Packed Away

“I felt instinctively that should she ever decide to move one of the surrounding mountains to the other side of the canyon, she would go about it calmly and deliberately, some evening after supper, perhaps. And she would move it – every stick and stone of it – and would ask no help.”

~ Nell Murbarger
“Josie Pearl, Prospector on Nevada’s Black Rock Desert”
Desert Magazine, August, 1954.

The West is rich in stories about strong, independent women. You may have to scratch the surface to find them, but they’re always there. Of course there’s your standard-issue pioneer wives, cowgirls, and widowed ranch women who run the place singlehandedly once their man is gone. But there are others who don’t fit the comfortable categories we’re used to pinning on them. Lately I’ve been thinking about two such gals. They never knew each other but they have one odd thing in common, an extravagance I find hard to explain.

The first is Nellie Bly Baker O’Bryan. Early in life, Nellie seemed an unlikely candidate for becoming a gutsy mountain mama. She started out working as a secretary for Charley Chaplin’s film company, First National Studio. Chaplin noticed her and invited her to play bit parts in his silent films. Eventually Nellie acted in 13 films alongside the likes of Joan Crawford, Edna Purviance, and Chaplin himself. She wasn’t a star, but work was steady and the pay was good. She’d made it in Hollywood.

By 1939, Tinsel Town had lost its luster and she took off for the rugged Sierra. She bought the ramshackle remains of a remote mining camp named Lundy near Mono Lake. She built her home out of boards scavenged from weathered shacks. Eventually she constructed four more cabins, a store, and a restaurant and christened her place the “Happy Landing Resort”. She lived year-round in this remote, avalanche prone canyon and became California’s first licensed fishing and hiking guide. Nellie toughed it out in Lundy until she was almost 60.

I once heard a story about Nellie’s first winter. She was freezing in her makeshift cabin during a typical Sierra blizzard. Snow blew through the cracks and she’d thrown every quilt and blanket she owned on the bed. Through her shivering she remembered a full-length fur coat packed away in a trunk. In desperation, she dug through the trunk, found the coat, turned it inside out, wrapped herself up in the furry cocoon and got back into bed. She said it was the first time she’d been warm in a week.

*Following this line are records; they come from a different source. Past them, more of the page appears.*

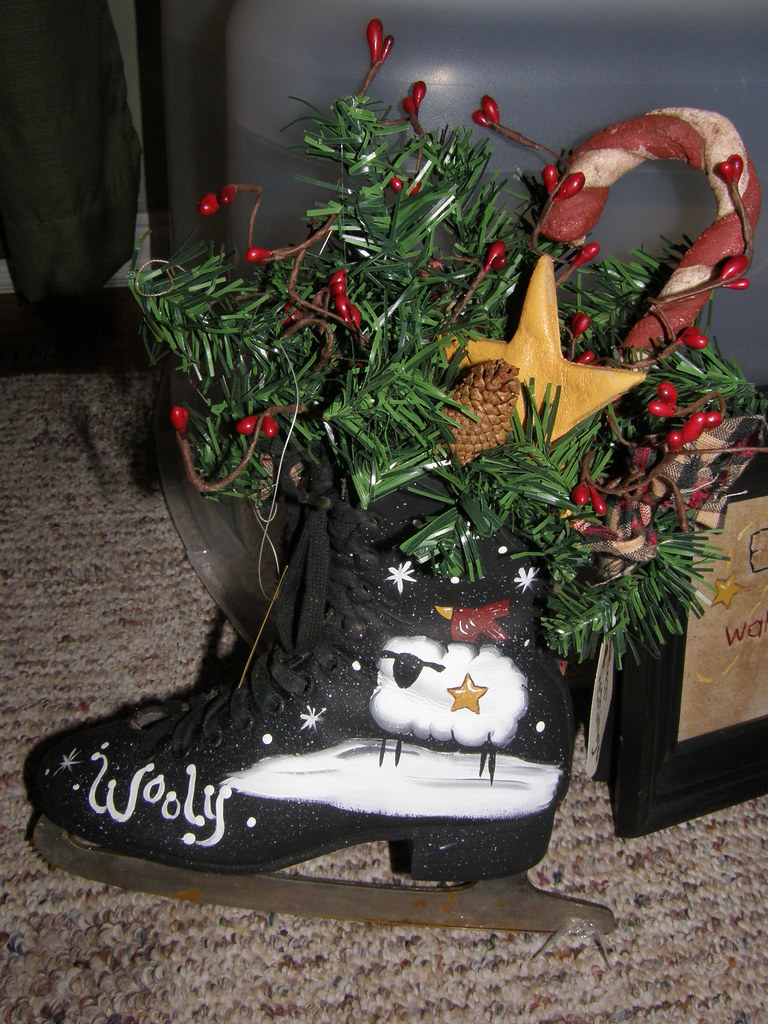 handpainted ice skates Amy Springer Flickr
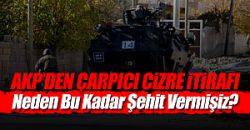 Başbakanlık Başdanışmanı Muhsin Kızılkaya'ndan Cizre İtiraf!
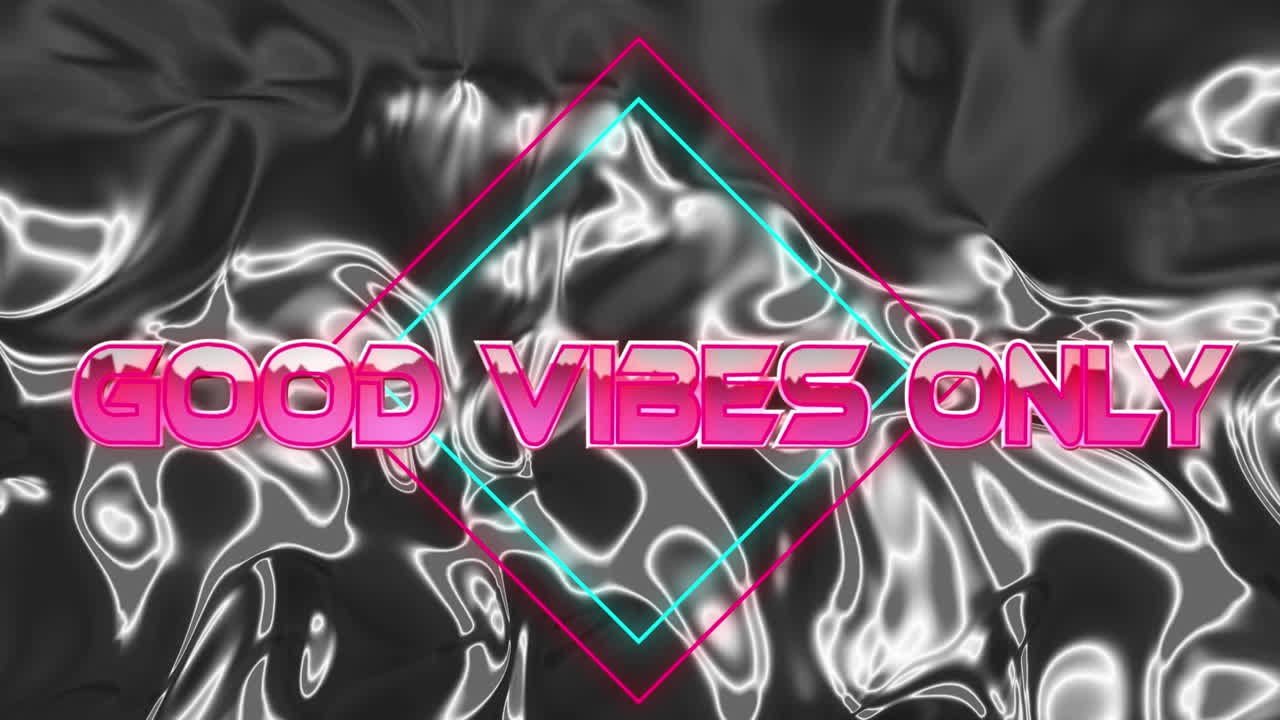 디지털 추상 공간에서만 좋은 진동의 애니메이션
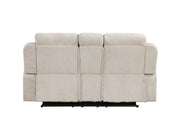 Galya - 3 Piece Living Room Set Sofa Loveseat Chair - Light Gray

Many years after hearing Nellie’s story, I encountered the tale of Josie Pearl. She was a bona fide desert rat whose “retirement” cabin sat in a canyon on the edge of the Black Rock Desert. Josie had lived in boomtowns most of her life. She waitressed, ran boarding houses, prospected, and mined — mostly for gold. She was good at it too. When journalist Ernie Pyle visited her in the 1930s, he wrote, “Her dress was calico, with an apron over it; on her head was a farmer’s straw hat, on her feet a mismated pair of men’s shoes, and on her left hand and wrist $6000 worth of diamonds! That was Josie — contradiction all
over …”

Pyle noted something else that, after Nellie’s story, came as no surprise. Inside Josie’s rough cabin was an “expensive wardrobe trunk with a $7,000 seal skin coat inside …” Of course! No intrepid Western hermit woman would be without one.

There’s no mention of Josie ever sleeping in her fur coat. Or maybe she did sleep in it but didn’t think it worth mentioning. We’ll never know. The funny thing is, every winter when the blizzards start blowing, I think about those fur coats packed away in trunks. Now I’m not a fan of wearing furs. I was brought up when magazines featured Greenpeace pictures of pathetic baby harp seals about to be bludgeoned. But I realize that fur coats used to have a mystique for women that they don’t have now. They represented luxury and status. In cold northern cities, they actually kept you warm. But when Nellie and Josie were young, well-off married women, a warm fur coat was hardly necessary in Hollywood, California or Goldfield, Nevada.

So why did these women haul expensive fur coats out to their ratty cabins in the  sagebrush? It’s hard to imagine many opportunities to dress up in your fur and heels. If they didn’t have a practical use, what purpose did they serve?

Maybe they were like money in the bank — you could always take them to Reno and pawn them in a pinch. But jewelry or coins would have been handier for that.

Maybe it had to do with a certain feminine ideal they couldn’t part with? As long as they owned a fur coat, they were in some magical way, a “lady” by association. Maybe they remembered a woman who felt at home in a more glamorous world.

And they didn’t want to forget her.

Staff of Life

 

I’ll admit, growing vintage wheat varieties is kind of a weird hobby. It started when I came across an old photograph of Mono Basin pioneer Chris Mattly, standing waist-deep in a field of wheat. Surprisingly, this flourishing field grew near the alkaline shores of Mono Lake at an elevation of nearly 7,000 feet. The sage-covered slopes of the Eastern Sierra are hardly your classic wheat belt. The snows lie deep in that country and if you blink twice you’ll miss the growing season. Yet, back in 1922, acres of waving seed heads covered Mattly’s farm. How did he do it?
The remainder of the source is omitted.